A Practitioner’s Guide to Machine Learning

How do machines “learn”?

How do ML algorithms solve these “input → output” problems, i.e., how do they recognize patterns and learn rules from data?

The set of ML algorithms can be subdivided according to their learning strategy. This is inspired by how humans learn:

Unsupervised Learning: Humans are very good at picking up on statistical regularities in the world without being explicitly instructed to do so. For example, have you ever noticed that we don’t … make … pauses … between … words when we speak? Yet kids still intuitively learn which syllables make up a word and where this word ends and the next one begins. This is possible, because the syllables in a single word always occur in this specific combination, while this word can then be followed by many different words, starting with many different syllables. This means, simply by hearing lots of spoken text, we pick up on the conditional probability distributions of syllables. Supervised Learning: This type of learning requires a teacher that tells us what the right answers are and corrects us, if we get something wrong. For example, when teaching a kid the meaning of a word, we explicitly tell them what this word means, and if they mislabel something, e.g., call a small dog a cat, we correct them. Reinforcement Learning: This kind of learning-by-doing again happens naturally when humans learn from the consequences of their actions. For example, through experimentation and practice, we can figure out a complex sequence of hand movements to elicit beautiful sounds from a violin instead of producing painful screeches. While no single hand movement by itself is inherently good or bad, only the right combination will bring music to our ears.
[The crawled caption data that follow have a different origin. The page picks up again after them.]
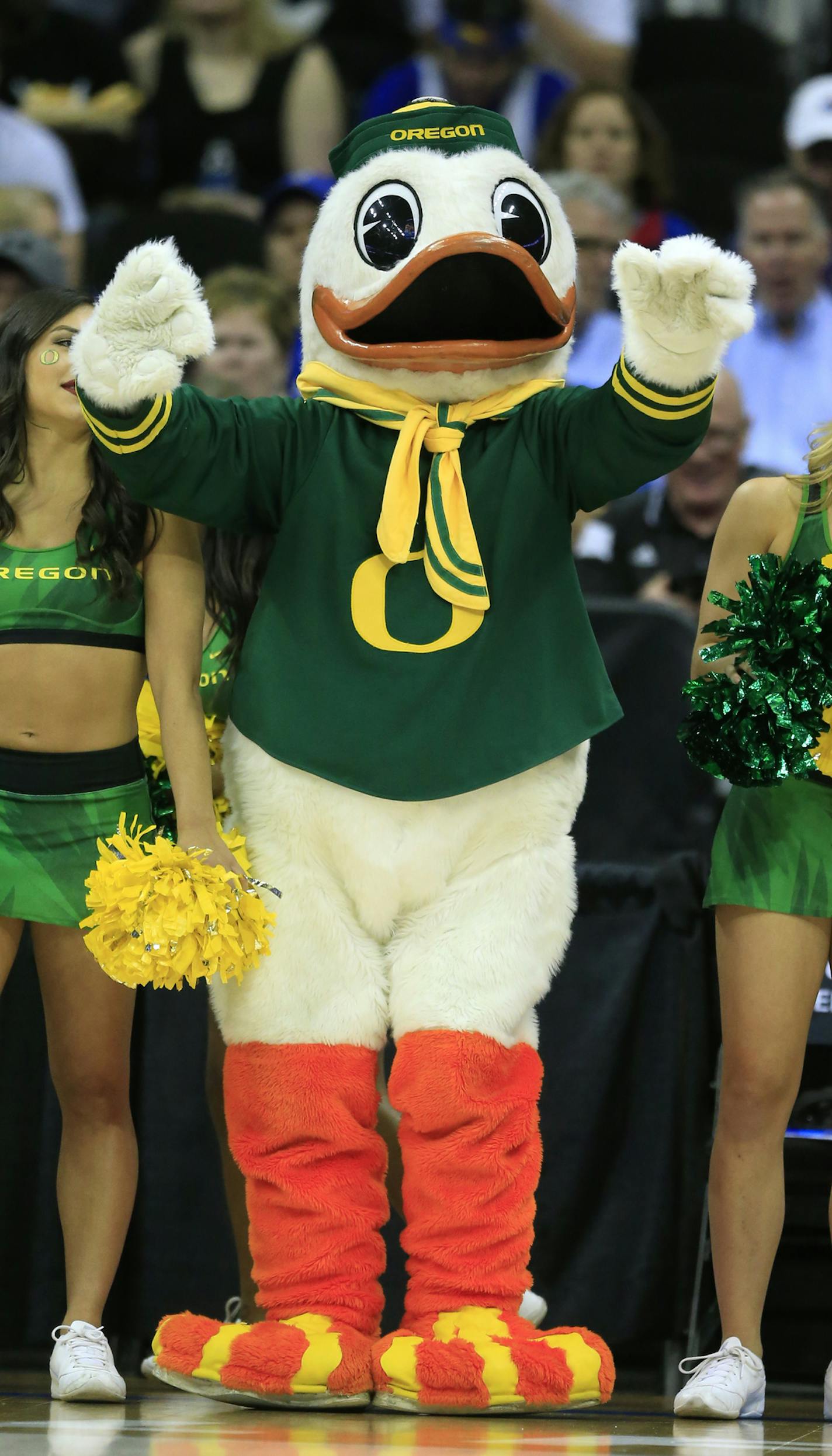 The Oregon mascot stands on the court before an NCAA college basketball game against Michigan in the regional semifinals of the men's NCAA Tournament, Thursday, March 23, 2017, in Kansas City, Mo. (AP Photo/Orlin Wagner)
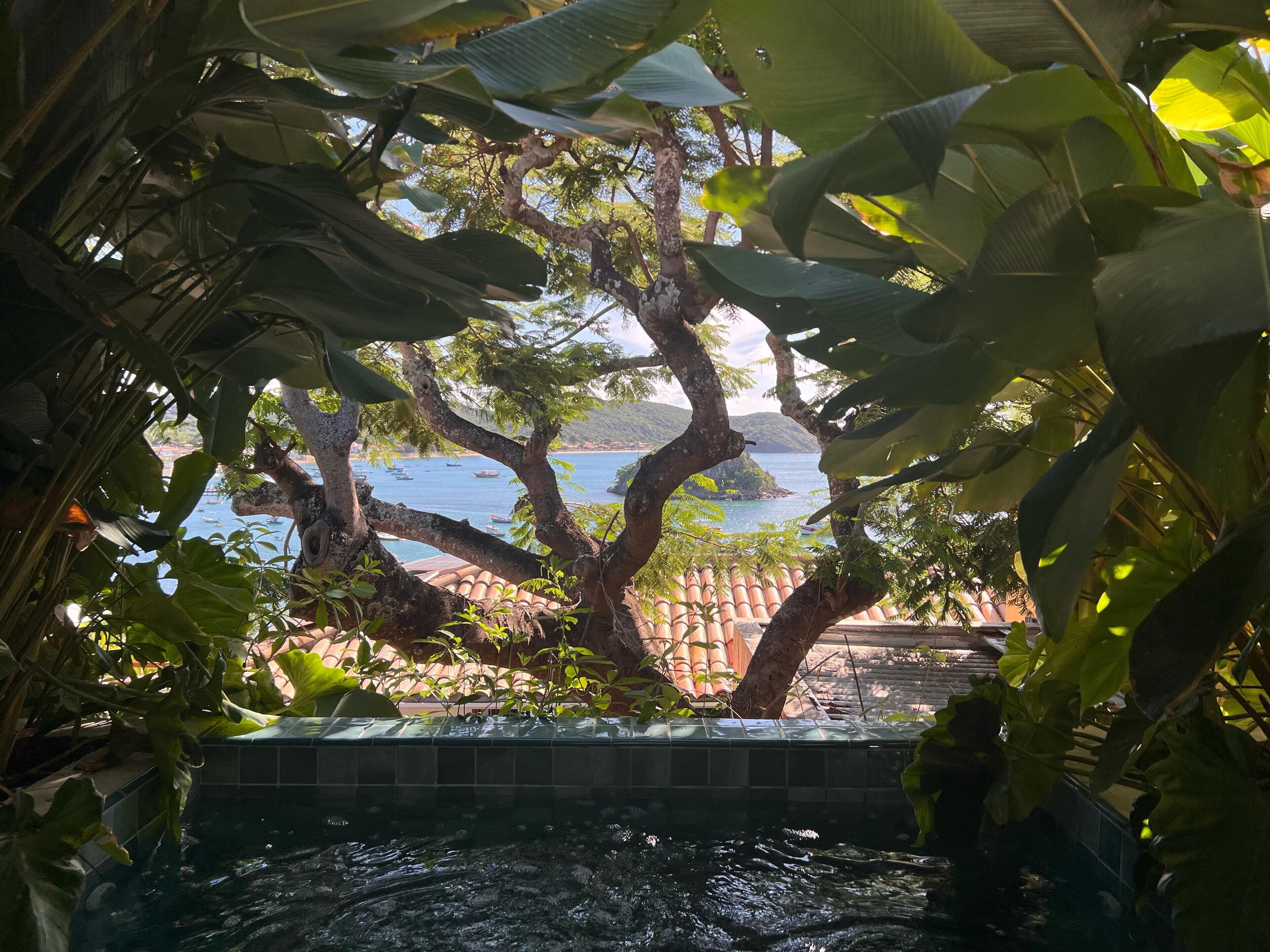 Visão através de vegetação densa para uma área costeira com barcos e edifícios com telhados de terracota.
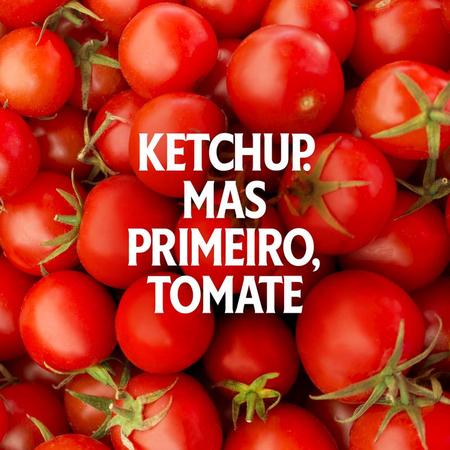 Imagem de Ketchup Heinz Tradicional 397g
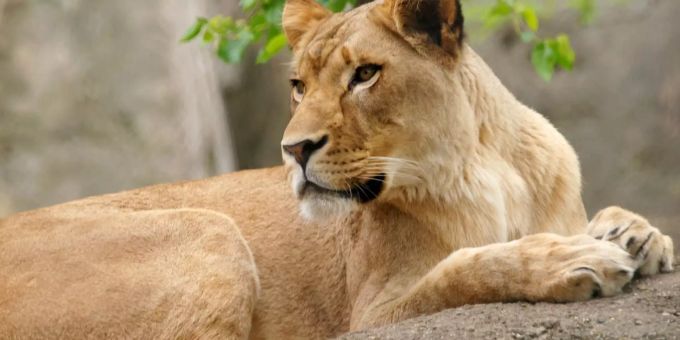Dieses undatierte Foto des Indianapolis Zoo zeigt die Löwin «Zuri» in einem Gehege im Zoo. Die Löwin hat den Vater ihrer drei Jungen getötet. Löwin Zuri hatte ihren Partner Nyack im gemeinsamen Gehege attackiert und in den Nacken gebissen, wie der Zoo in Indianapolis mitteilte. Dieses undatierte Foto des Indianapolis Zoo zeigt die Löwin «Zuri» in einem Gehege im Zoo. Die Löwin hat den Vater ihrer drei Jungen getötet. Löwin Zuri hatte ihren Partner Nyack im gemeinsamen Gehege attackiert und in den Nacken gebissen, wie der Zoo in Indianapolis mitteilte.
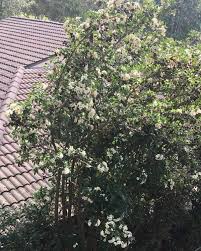 Image result for Rothmannia globosa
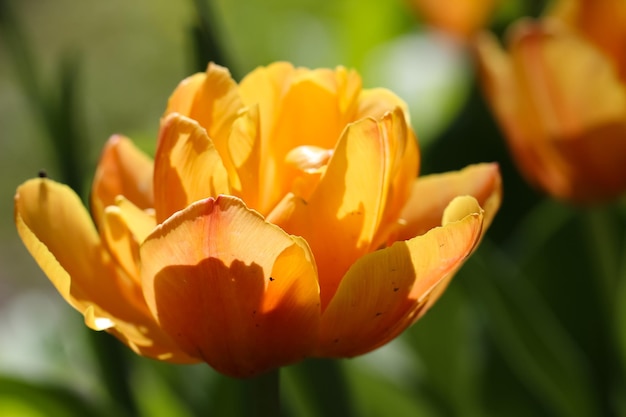 Fotografia macro de tulipa amarela em um fundo verde suave embaçado natural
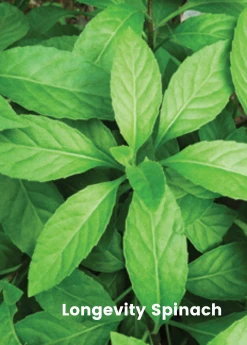 Sow Exotic Summer Spin-Off: Tropical Greens Bundle 10 Sow Exotic Summer Spin-Off: Tropical Greens Bundle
Analogously, machines can also learn by following these three strategies:

Unsupervised Learning: These algorithms pick up on statistical regularities in the data, for example, they can find groups of similar items (like in the customer segmentation task) or identify individual points that stand out (i.e., anomaly detection), e.g., unusual behavior of a machine due to a broken part or suspicious credit card transactions. Supervised Learning: These algorithms learn from many input-output examples, e.g., images and what is shown on these images or production conditions and whether the product that was produced under these conditions is faulty or okay. The learned model can then be used to predict the output for some new input. Reinforcement Learning: This type of learning is a bit more involved: Here the learning algorithm is also called an agent, which operates within an environment, e.g., a robot moving around in the real world or a virtual agent inside a simulation environment like a video game (which is usually much cheaper ;-)). The environment lets the agent know in which state or situation it currently is, then the agent can select how to react in this state, i.e., which (predefined) action to take, and then the environment determines the consequences of this action (e.g., kill a monster in a video game or fall off a cliff) and returns a reward depending on the outcome (e.g., extra points for collecting coins). Then the cycle repeats as the agent is in the next state. Based on the received reward, the agent learns over time which actions are beneficial in which situations and how to navigate the environment. The hard part here is that the reward signals often come much later after the action was executed, for example, in a video game, an agent collects a key at the beginning of a level, but the door that can be opened with this key comes many frames later, which means the reward will be delayed and the agent has a hard time associating this reward with the appropriate action. Since humans have a lot of background knowledge, figuring out what works and what doesn’t in a game is much easier for us.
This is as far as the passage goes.